▶ [INPUT MATERIAL]:
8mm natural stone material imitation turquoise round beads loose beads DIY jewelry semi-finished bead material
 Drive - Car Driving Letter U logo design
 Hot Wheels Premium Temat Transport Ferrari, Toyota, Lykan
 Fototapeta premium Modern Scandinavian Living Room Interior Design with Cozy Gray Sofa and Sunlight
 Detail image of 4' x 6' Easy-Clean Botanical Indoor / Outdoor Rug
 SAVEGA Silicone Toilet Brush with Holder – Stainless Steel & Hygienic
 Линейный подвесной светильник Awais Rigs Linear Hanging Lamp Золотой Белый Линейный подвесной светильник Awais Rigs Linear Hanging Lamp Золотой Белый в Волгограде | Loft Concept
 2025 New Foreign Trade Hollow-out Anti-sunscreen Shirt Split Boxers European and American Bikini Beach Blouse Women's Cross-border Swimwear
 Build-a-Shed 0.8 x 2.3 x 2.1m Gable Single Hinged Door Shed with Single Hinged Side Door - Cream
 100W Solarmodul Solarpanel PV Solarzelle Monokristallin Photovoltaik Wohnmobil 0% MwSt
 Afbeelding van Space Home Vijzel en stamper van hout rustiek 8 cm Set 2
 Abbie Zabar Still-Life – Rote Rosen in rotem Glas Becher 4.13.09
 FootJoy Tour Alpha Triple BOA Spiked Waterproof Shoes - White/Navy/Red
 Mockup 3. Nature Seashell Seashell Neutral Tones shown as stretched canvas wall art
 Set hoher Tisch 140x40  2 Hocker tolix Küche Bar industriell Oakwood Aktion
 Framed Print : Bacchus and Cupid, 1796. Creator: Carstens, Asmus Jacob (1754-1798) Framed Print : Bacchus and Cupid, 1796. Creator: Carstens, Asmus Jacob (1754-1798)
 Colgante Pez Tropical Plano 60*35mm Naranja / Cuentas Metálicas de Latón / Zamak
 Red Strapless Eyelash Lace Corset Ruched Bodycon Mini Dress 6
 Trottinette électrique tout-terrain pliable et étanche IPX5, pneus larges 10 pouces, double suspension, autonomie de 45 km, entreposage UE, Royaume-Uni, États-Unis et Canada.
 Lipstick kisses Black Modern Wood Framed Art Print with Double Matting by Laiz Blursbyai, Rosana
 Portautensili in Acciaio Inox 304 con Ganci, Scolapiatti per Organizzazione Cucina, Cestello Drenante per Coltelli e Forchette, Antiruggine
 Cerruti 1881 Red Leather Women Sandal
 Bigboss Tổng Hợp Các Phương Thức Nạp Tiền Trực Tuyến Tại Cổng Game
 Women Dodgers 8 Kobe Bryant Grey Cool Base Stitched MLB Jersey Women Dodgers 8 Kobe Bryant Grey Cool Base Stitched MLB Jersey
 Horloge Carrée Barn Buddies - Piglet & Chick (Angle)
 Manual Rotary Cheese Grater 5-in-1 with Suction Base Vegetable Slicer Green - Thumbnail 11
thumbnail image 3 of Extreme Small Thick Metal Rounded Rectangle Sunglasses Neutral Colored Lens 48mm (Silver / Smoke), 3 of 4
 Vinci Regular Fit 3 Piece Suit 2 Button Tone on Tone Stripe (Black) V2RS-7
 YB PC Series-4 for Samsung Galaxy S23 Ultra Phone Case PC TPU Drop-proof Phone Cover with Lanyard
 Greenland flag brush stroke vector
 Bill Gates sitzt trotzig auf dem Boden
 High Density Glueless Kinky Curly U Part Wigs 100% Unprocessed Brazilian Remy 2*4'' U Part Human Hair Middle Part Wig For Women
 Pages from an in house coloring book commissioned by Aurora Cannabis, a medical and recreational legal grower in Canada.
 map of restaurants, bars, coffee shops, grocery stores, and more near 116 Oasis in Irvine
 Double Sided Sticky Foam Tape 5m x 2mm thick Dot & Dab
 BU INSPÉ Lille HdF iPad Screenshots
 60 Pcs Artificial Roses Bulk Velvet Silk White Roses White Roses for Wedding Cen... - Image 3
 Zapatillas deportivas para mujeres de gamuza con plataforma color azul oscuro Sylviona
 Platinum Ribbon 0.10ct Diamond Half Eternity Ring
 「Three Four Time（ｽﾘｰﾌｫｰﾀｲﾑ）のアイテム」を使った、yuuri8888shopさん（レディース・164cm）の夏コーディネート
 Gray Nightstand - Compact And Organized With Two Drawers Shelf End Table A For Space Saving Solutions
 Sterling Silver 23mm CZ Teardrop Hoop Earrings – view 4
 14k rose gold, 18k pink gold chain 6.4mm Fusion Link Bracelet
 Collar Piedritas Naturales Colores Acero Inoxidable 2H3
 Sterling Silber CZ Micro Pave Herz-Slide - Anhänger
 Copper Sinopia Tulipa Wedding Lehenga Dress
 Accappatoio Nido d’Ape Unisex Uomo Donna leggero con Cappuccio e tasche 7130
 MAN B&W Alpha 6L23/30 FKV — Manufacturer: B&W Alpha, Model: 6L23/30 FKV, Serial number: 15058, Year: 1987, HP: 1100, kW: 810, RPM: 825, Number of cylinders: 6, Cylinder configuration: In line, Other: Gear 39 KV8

▶ [AIM OF THE TASK]:
When a line of the records holds the word "Neutral", copy that line.

▶ [WORKED SOLUTION]:
 Mockup 3. Nature Seashell Seashell Neutral Tones shown as stretched canvas wall art
thumbnail image 3 of Extreme Small Thick Metal Rounded Rectangle Sunglasses Neutral Colored Lens 48mm (Silver / Smoke), 3 of 4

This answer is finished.